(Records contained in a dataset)
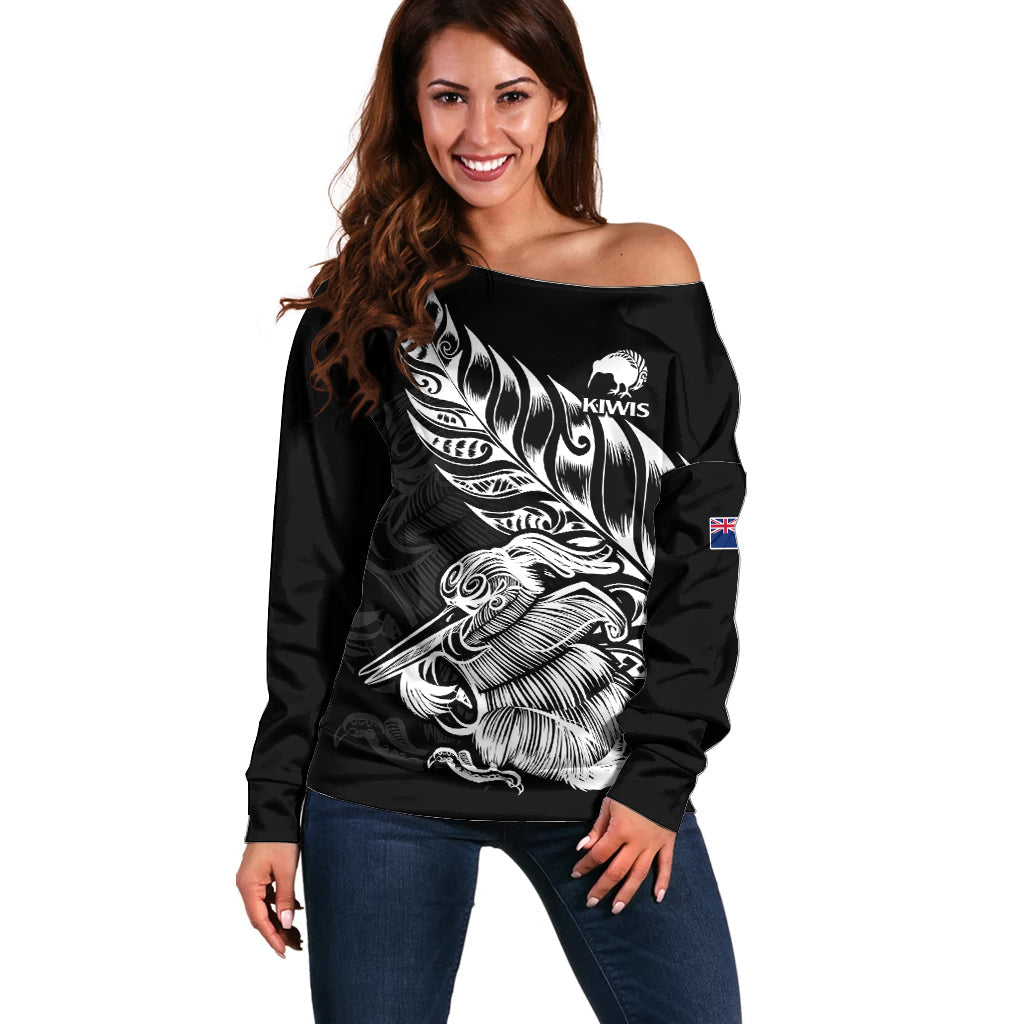 New Zealand Kiwi Rugby Off Shoulder Sweater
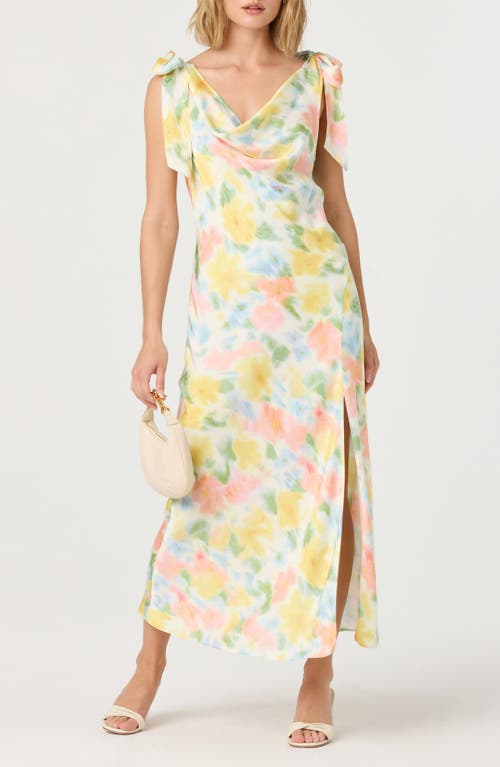 Astr Allexina Front Thigh Slit Maxi Dress In Yellow Water In Yellow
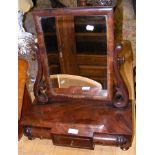 Victorian mahogany toilet mirror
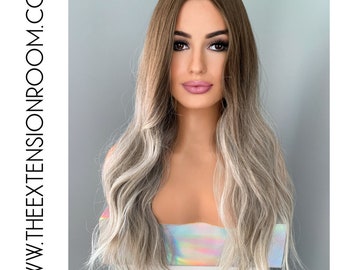 Long Wavy Grey Silver Blonde 24 inch Synthetic Wig - Willow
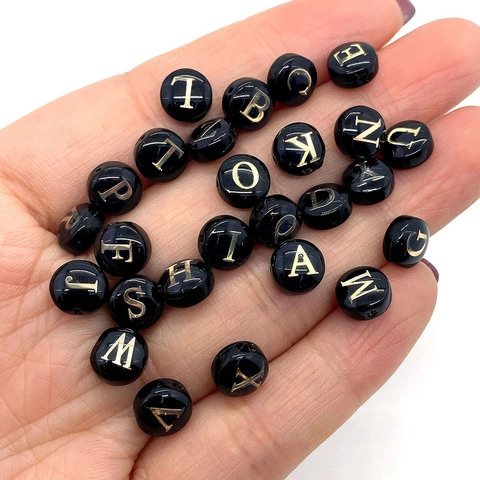 Natural Shell Alphabet Beads Black Gold Engraved Round Loose Beads For DIY Necklace Bracelet Jewelry Making Accessories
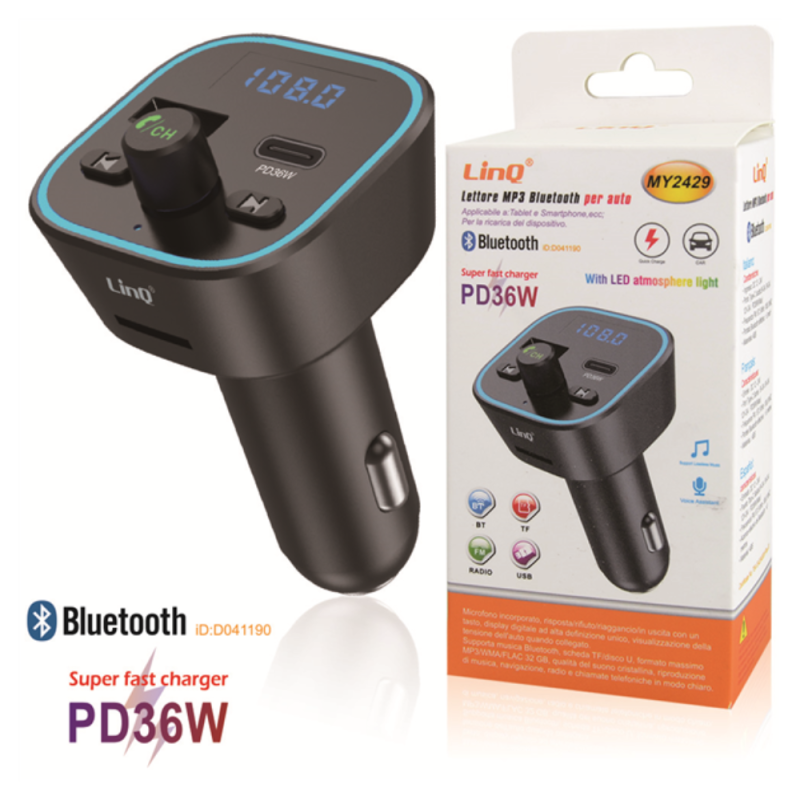 Transmetteur MP3 Bluetooth pour voiture avec Chargeur PD 36W LED - LinQ MY2429 — LinQ · Smarty Paris 18e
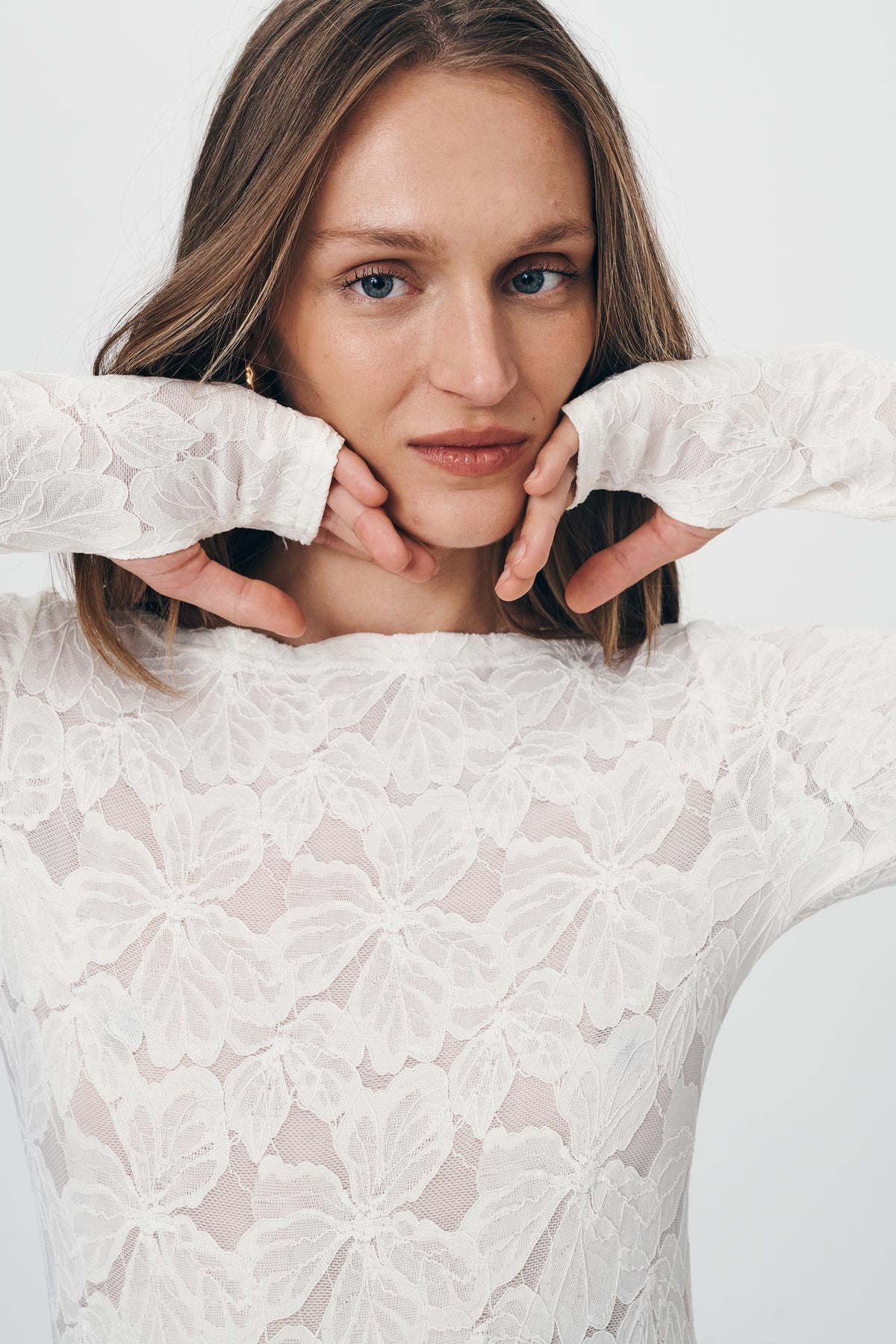 Samantha Lace Top - Creme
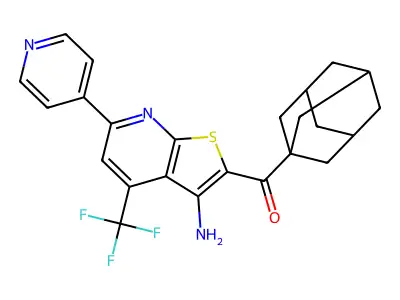 2-(adamantane-1-carbonyl)-6-(pyridin-4-yl)-4-(trifluoromethyl)thieno[2,3-b]pyridin-3-amine structure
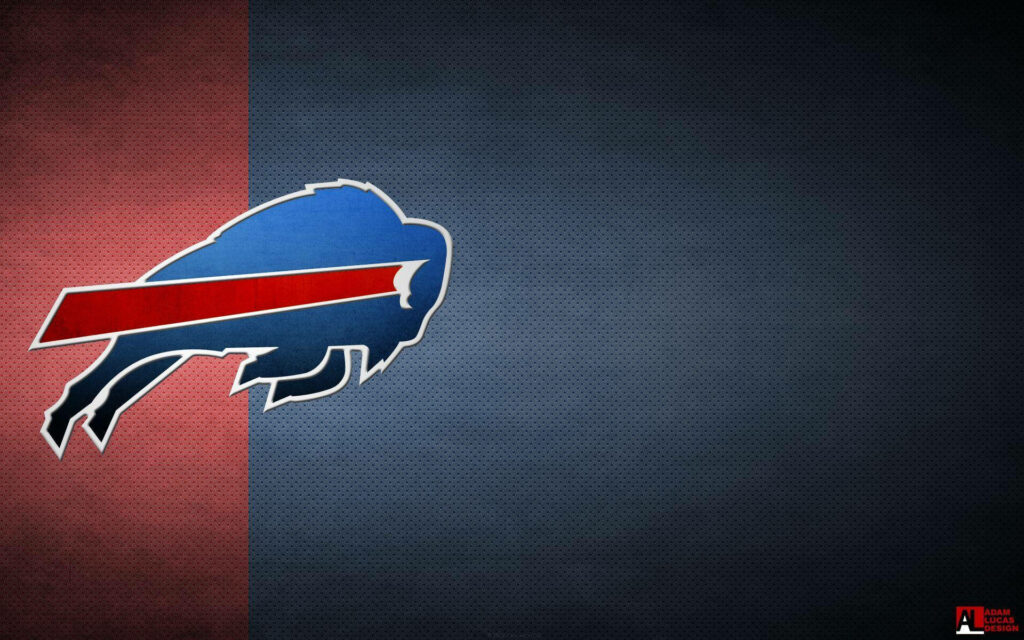 Buffalo Bills logo on textured dark background with split red and blue colors energetic wallpaper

TASK DESCRIPTION:
Only the lines from the one containing "Victorian mahogany toilet mirror" through the last line of the entries belong in the answer, given again exactly. Images stay out.

COMPLETED EXERCISE:
 Victorian mahogany toilet mirror
 Long Wavy Grey Silver Blonde 24 inch Synthetic Wig - Willow
 Natural Shell Alphabet Beads Black Gold Engraved Round Loose Beads For DIY Necklace Bracelet Jewelry Making Accessories
 Transmetteur MP3 Bluetooth pour voiture avec Chargeur PD 36W LED - LinQ MY2429 — LinQ · Smarty Paris 18e
 Samantha Lace Top - Creme
 2-(adamantane-1-carbonyl)-6-(pyridin-4-yl)-4-(trifluoromethyl)thieno[2,3-b]pyridin-3-amine structure
 Buffalo Bills logo on textured dark background with split red and blue colors energetic wallpaper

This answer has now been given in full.